(Stored data)

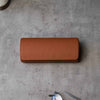 Watch roll brown litchi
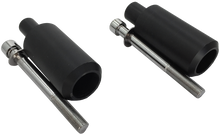 Cargar imagen en el visor de la galería, Sliders de Carenado Negros Honda 600rr 2003 2006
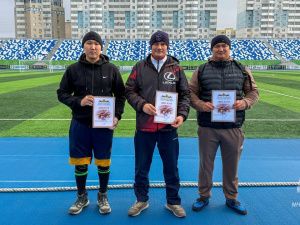 Спортивный азарт и командный дух: спартакиада МЧС объединила легкоатлетов и силачей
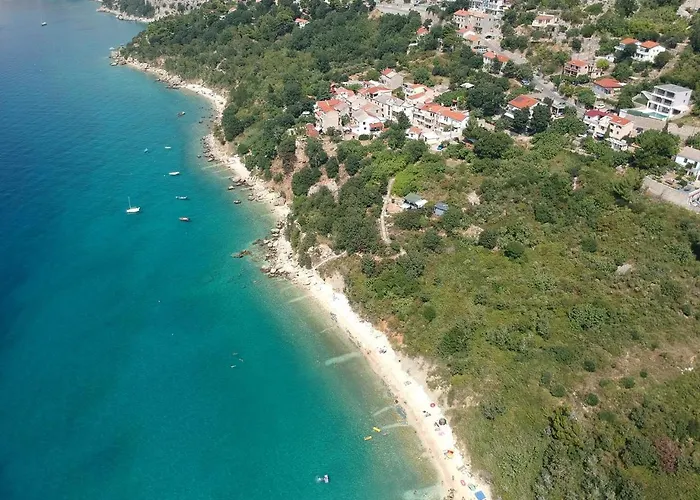 Apartamento Jasna With Breathtaking Sea View, Terrace And Free Parking Hreljin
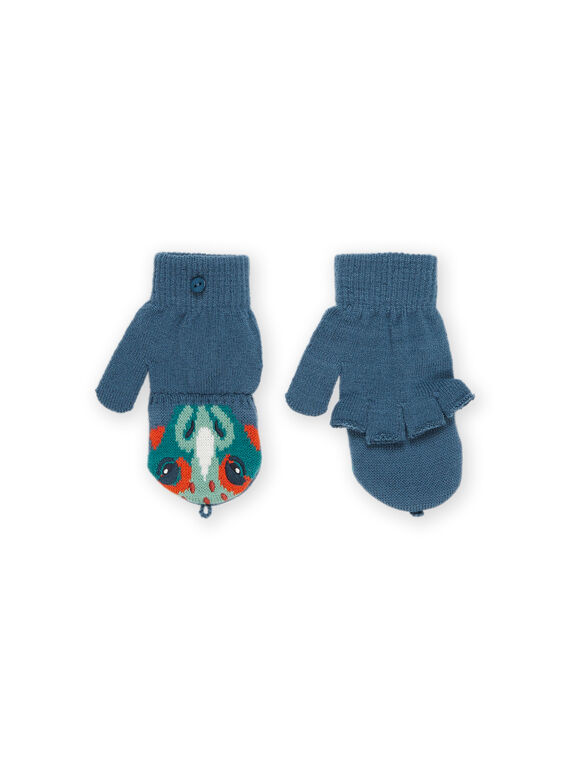 Luvas com estampado fantasia PYOGROGAN2 / 22WI02F1GANC225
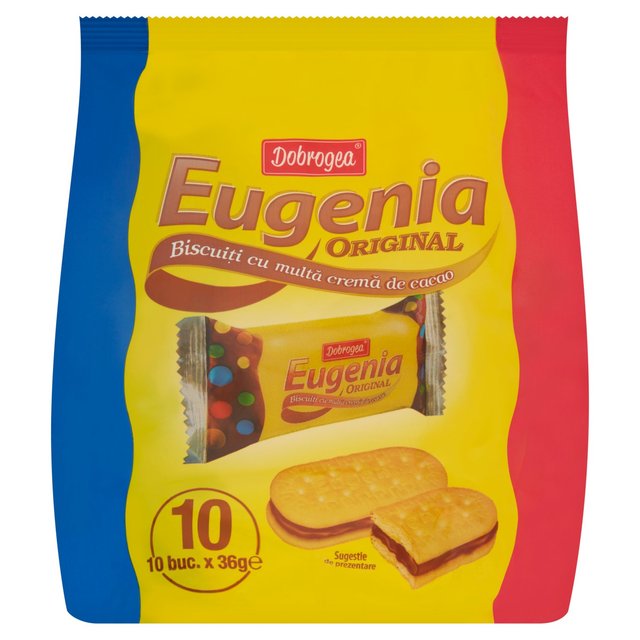 Eugenia Dobrogea Biscuit Family Pack   10 x 36g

(End Stored data)

Without including any picture, restate every entry above exactly.

 Watch roll brown litchi
 Cargar imagen en el visor de la galería, Sliders de Carenado Negros Honda 600rr 2003 2006
 Спортивный азарт и командный дух: спартакиада МЧС объединила легкоатлетов и силачей
 Apartamento Jasna With Breathtaking Sea View, Terrace And Free Parking Hreljin
 Luvas com estampado fantasia PYOGROGAN2 / 22WI02F1GANC225
 Eugenia Dobrogea Biscuit Family Pack   10 x 36g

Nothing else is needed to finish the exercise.